Eighteenth Century.—Frassen (d. 1711) was for thirty years a celebrated professor at the Sorbonne, and wrote "Scotus academicus seu universes theol. Scoti" (many editions, 1672, etc.; last ed., Rome, 1900-), a very profound and lucid work.—Durandus (d. 1720) wrote the great "Clypeus scotisticus" (many editions).—Dupasquier, "Summa phil." and "Summa theol." (about 1720; many editions). Hieronymus a Montefortino, "Duns Scoti Summa theol. ex universis opp. eius. juxta ordinem Summae Angelici Doctoris" (6 vols. 1728-34; new ed., Rome, 1900-03), a very able work.—Panger (d. 1732 at Augsburg), Scotist moralist.—Kikh (d. 1769 at Munich), Scotist dogmatic theologian.—Perez Lopez (d. 1724).—Krisper (d. 1749).—Hermann, Abbot of St.
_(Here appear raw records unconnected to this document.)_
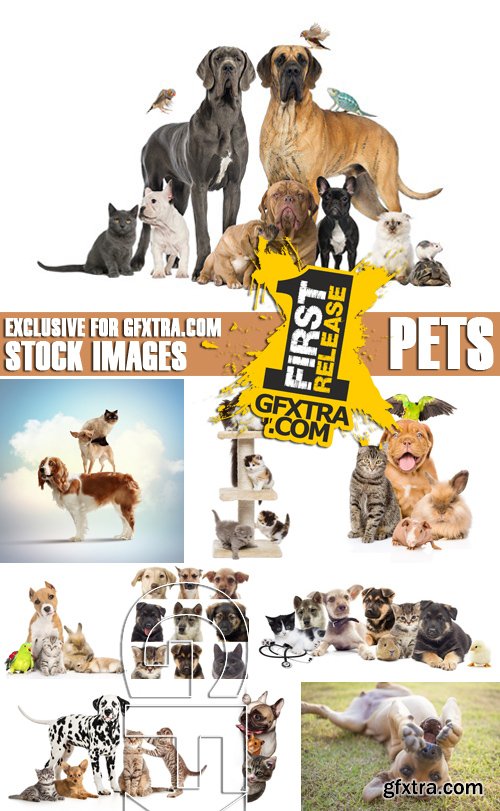 Stock Photos - Pets, 25xJPG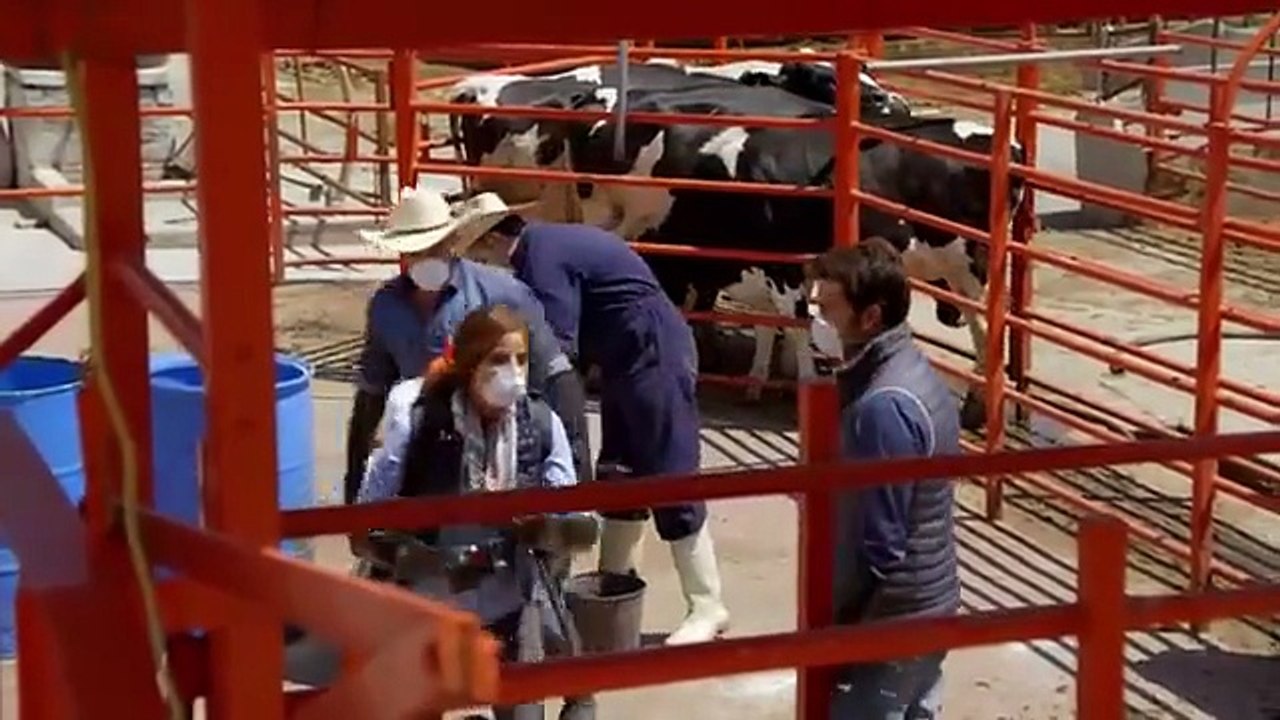 55. Mi Adorable Maldicion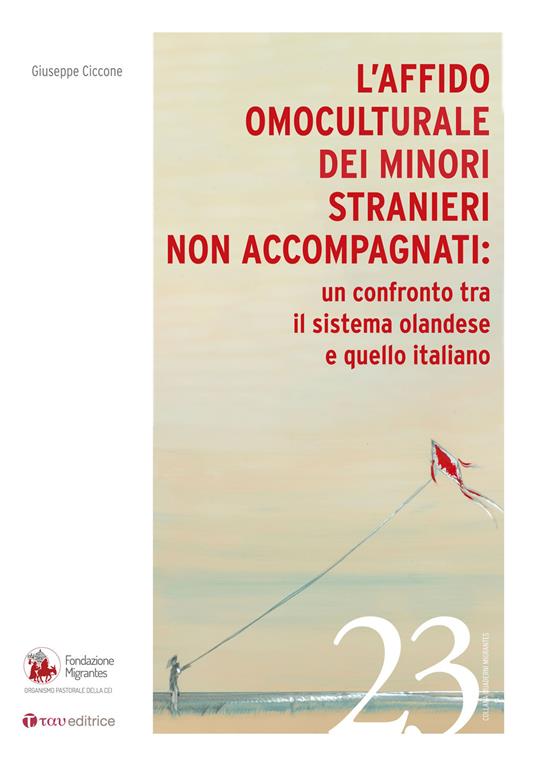 L'affido omoculturale dei minori stranieri non accompagnati: un confronto tra il sistema olandese e quello italiano - Giuseppe Ciccone - copertina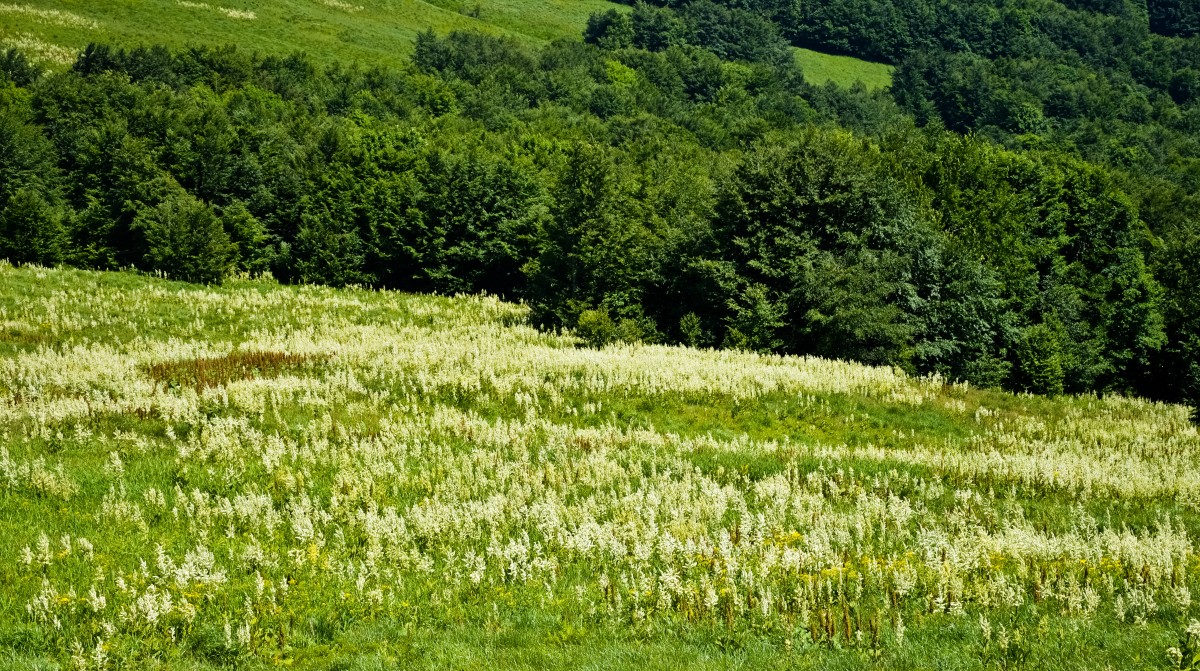 Zdjęcia: Bieszczady, Podkarpacie, To Ja, Ciemiężyca Się Nazywam..., POLSKA Zdjęcia: Bieszczady, Podkarpacie, To Ja, Ciemiężyca Się Nazywam..., POLSKA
Trudbert "Theologia sec. Scoti principia" (1720).—Melgaco (1747).—Bishop Sarmentero (d. 1775).
Nineteenth and Twentieth Centuries.—In the nineteenth century, although Scotism was retained in the schools of the Franciscan Order in accordance with the statutes, we meet but few tractates secundum mentem Scoti, in any case no celebrated ones. The twentieth century appears to promise better. Father Fernandez, a Spaniard, is a zealous Scotist. Besides the above-mentioned writings, he has written a large "Scotus Lexicon", and is at present (1911) issuing a new edition of Scotus's "Comment. in Sentent." Another zealous worker is Father Deodat-Marie de Basley; his fortnightly journal, "La bonne parole" (now entitled "Revue Duns Scot."), contains much Scotistica. He is also engaged on the "Capitalia opera B. Joan. Duns Scoti" (Le Havre, 1908)—, of which the "Prwparatio philosophica" and "Synthesis theologica credendorum" have already appeared. Father Parthenius Minges has explained and defended much of the Scotist doctrine in his "Cornpend. theolog. dogmat. specialis et generalis" (Munich, 1901-02), and in a number of other works (cf. CATHOLIC ENCYCLOPEDIA, V, 199).